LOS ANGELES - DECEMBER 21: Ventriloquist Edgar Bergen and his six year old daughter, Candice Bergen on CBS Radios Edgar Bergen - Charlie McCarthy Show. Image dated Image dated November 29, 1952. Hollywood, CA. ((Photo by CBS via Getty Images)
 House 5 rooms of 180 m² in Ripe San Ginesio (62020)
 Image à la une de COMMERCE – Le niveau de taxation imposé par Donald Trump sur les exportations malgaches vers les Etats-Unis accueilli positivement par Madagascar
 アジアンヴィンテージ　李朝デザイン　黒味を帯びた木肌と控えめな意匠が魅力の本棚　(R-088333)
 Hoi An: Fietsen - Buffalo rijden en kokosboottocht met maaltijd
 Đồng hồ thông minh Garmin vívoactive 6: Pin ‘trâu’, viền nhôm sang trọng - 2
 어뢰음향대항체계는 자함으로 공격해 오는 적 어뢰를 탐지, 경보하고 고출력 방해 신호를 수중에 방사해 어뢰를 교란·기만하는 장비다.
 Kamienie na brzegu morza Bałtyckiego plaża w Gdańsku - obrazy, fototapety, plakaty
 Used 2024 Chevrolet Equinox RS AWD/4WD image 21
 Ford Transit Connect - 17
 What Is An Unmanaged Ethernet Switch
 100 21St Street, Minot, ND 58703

•••••

◆ **Activity**: Exact reproduction of the entire listing is required.

◆ **Expected output**:
LOS ANGELES - DECEMBER 21: Ventriloquist Edgar Bergen and his six year old daughter, Candice Bergen on CBS Radios Edgar Bergen - Charlie McCarthy Show. Image dated Image dated November 29, 1952. Hollywood, CA. ((Photo by CBS via Getty Images)
 House 5 rooms of 180 m² in Ripe San Ginesio (62020)
 Image à la une de COMMERCE – Le niveau de taxation imposé par Donald Trump sur les exportations malgaches vers les Etats-Unis accueilli positivement par Madagascar
 アジアンヴィンテージ　李朝デザイン　黒味を帯びた木肌と控えめな意匠が魅力の本棚　(R-088333)
 Hoi An: Fietsen - Buffalo rijden en kokosboottocht met maaltijd
 Đồng hồ thông minh Garmin vívoactive 6: Pin ‘trâu’, viền nhôm sang trọng - 2
 어뢰음향대항체계는 자함으로 공격해 오는 적 어뢰를 탐지, 경보하고 고출력 방해 신호를 수중에 방사해 어뢰를 교란·기만하는 장비다.
 Kamienie na brzegu morza Bałtyckiego plaża w Gdańsku - obrazy, fototapety, plakaty
 Used 2024 Chevrolet Equinox RS AWD/4WD image 21
 Ford Transit Connect - 17
 What Is An Unmanaged Ethernet Switch
 100 21St Street, Minot, ND 58703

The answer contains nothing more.